In de Koran is 'kafiroen' een van de stereotiepe zegswijzen. Hierbij worden de ongelovigen aangesproken. Volgens tafsir betreft het dan de Mekkanen, later de bewoners van Medina en ten slotte de bedoeïenen van Arabië.[8] De omstandigheden of de oorzaken van de Openbaring zijn niet altijd bekend. Duidelijk is wel dat uitdrukkingen betreffende geloof, ongeloof of huichelarij in verband staan met houdingen zoals concrete mensen in Mohammeds omgeving die aannamen.[9]

In de Koran worden strenge veroordelingen uitgesproken voor ongelovigheid, godslastering of ongehoorzaamheid aan de wil van God. Islam betekent tenslotte onderwerping aan de wil van God. In de praktijk gaat menig moslim ervan uit dat iedere moslim een eigen verantwoordelijkheid heeft tegenover God en zal het woord dus niet snel gebruikt worden.
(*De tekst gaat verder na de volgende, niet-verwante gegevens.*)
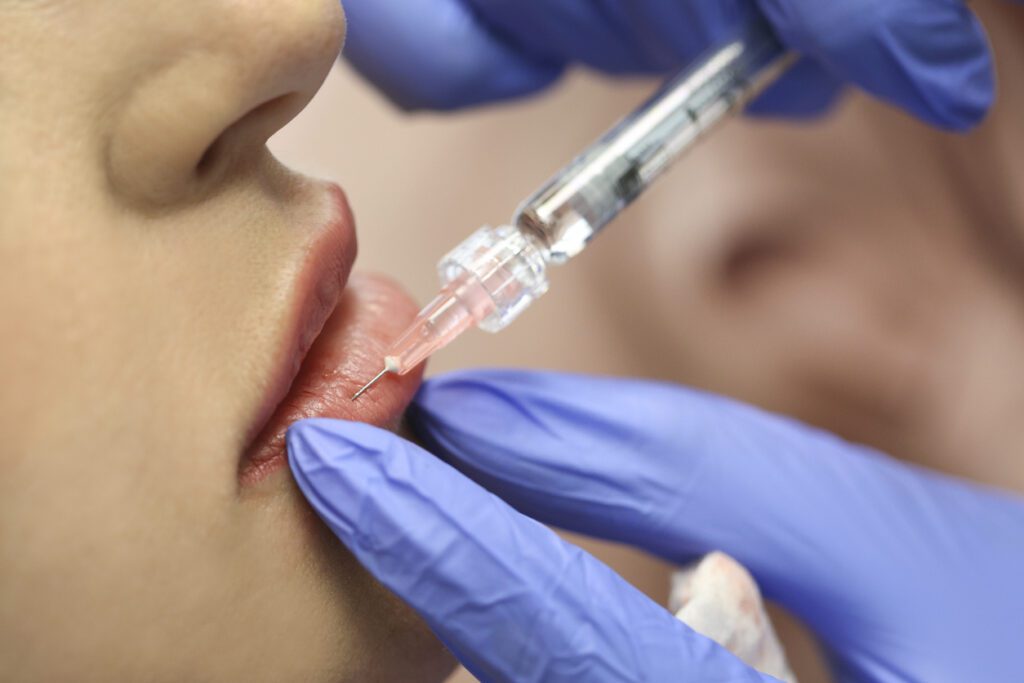 Dermal Fillers Wolverhampton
In soera De Koe 34 moeten de engelen buigen voor Adam, maar Iblis, de satan, weigert dit, waarna hij volgens de aya tot de ongelovigen (kafirin) wordt gerekend. Feitelijk betekent het woord 'ondankbaar jegens God', omdat het in deze context moeilijk voor te stellen is dat Iblis niet meer in God gelooft, terwijl hij zojuist met God gesproken heeft.[10]

´´Kafiristan ´´ bewerken

De afgelegen bosrijke noordoostelijke Afghaanse provincie Nooristan of Nūristān (ook wel gespeld als Nuristan of Nurestan) (Pasjtoe: نورستان) werd en wordt soms ook wel aangduid als ´´Kafiristan´: land van de ongelovigen. Dit omdat dit het laatste gebied in Afghanistan was waar de bevolking zich tot de Islam zou bekeren. De plaatselijke bevolking is er blond en blauwogig: een theorie is dat zij nazaten zijn van de troepen van Alexander de Grote, Toen de troepen van de Sovjetunie in 1979 in de Afghaanse Oorlog (1979-1989) het land binnenvielen en ook deze afgelegen provincie trachtten te bezetten. stuitten zij hier tot hun verbijstering op een ongekende vorm van verzet: sluipschutters die zich bedienden van een onhoorbaar wapen: pijl en boog.